12 ago 2013

Algunas puestas de sol para aplaudir

El sol sale para todos. También da lugar para todos a crepúsculos que, algunos días, son el gran momento del espectáculo sin taquilla del cielo. En Barcelona el sol transpone por la colina de Sant Pere Màrtir y, cuando vivía en un piso alto encarado a poniente, dejaba cuanto estuviese haciendo para embelesarme ante aquellos instantes de luz muriente y al mismo tiempo triunfal, cuando el día no se convierte en noche sino en atardecer iluminado, culminante, de un palpitante color de calabaza. No aplaudía, porque eso queda
reservado al crepúsculo de los dioses en algún  lugar de renombre, elegido para congregarse con esa finalidad por un criterio de prioridades generalmente irrebatible: el balcón de los jardines del Pincio en Roma, el malecón de La Habana, el Corcovado carioca, el paseo marítimo de Málaga o La Caleta de Cádiz, el mirador de San Nicolás granadino frente a la Alhambra y Sierra Nevada, algunos chiringuitos de playa de Mallorca (el Mirador de Sa Foradada, en Deiá), de Ibiza (el Café del Mar o al lado el Café Mambo) o bien el Caprice Bar de Mikonos, la laguna rosellonesa de Leucata como platea trémula del macizo de las Corberas, en Saldes ante el Pedraforca, en Salardú ante el Montarto, en Meranges ante la sierra del Cadí, en el Fangar del delta del Ebro o en la playa de Roses, la única que no da la espalda a la puesta.
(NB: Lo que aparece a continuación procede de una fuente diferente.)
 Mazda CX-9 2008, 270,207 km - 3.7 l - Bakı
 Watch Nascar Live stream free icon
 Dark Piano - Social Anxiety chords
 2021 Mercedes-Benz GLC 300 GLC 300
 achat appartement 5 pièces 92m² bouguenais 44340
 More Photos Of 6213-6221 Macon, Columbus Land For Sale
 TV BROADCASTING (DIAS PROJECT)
Donde la aplauden más es en los chiringuitos de Ibiza, aunque tengo la impresión que el público y los disc-jockeys ya llegan con la euforia puesta.
Dicen los cronistas latinos que las primeras legiones romanas que llegaron al Finisterre ibérico se estremecieron, víctimas de un “religioso terror”, al ver el disco solar hundirse en las oscuras aguas del Atlántico. Josep Pla escribe que cuando los pintores Santiago Rusiñol y Joaquim Mir se encontraban en Mallorca acudían a contemplarla juntos desde el Castell del Rei, en Pollença. “Un día que la puesta no les gustó, la silbaron”, asegura.
Julio Cortázar confiesa en el cuento “Un tal Lucas” que de haber sido cineasta se dedicaría a cazar crespúsculos y pondría en ello la misma exigencia que con las palabras, las mujeres y la geopolítica. Los norteamericanos de la revista Travelers Digest invirtieron los dólares necesarios para recorrer el mundo y fotografiar las diez mejores puestas de sol a su entender: en el Taj Mahal, en Ciudad del Cabo, en la isa de Sentosa (Singapur), en Santa Mónica (California), en les pirámides de Gizeh, en la playa de Ipanema, en el Grand Canyon del Colorado, en las Maldivas, en Santorini y en el Serengueti (Tanzania). Es una jerarquía discutible.
Yo sigo eligiendo, por lo general, el tramonto en el belvedere del Pincio y el de la modesta colina barcelonesa de Sant Pere Màrtir, que solo en esos instantes, tan cotidianos, alcanza la grandiosidad merecida.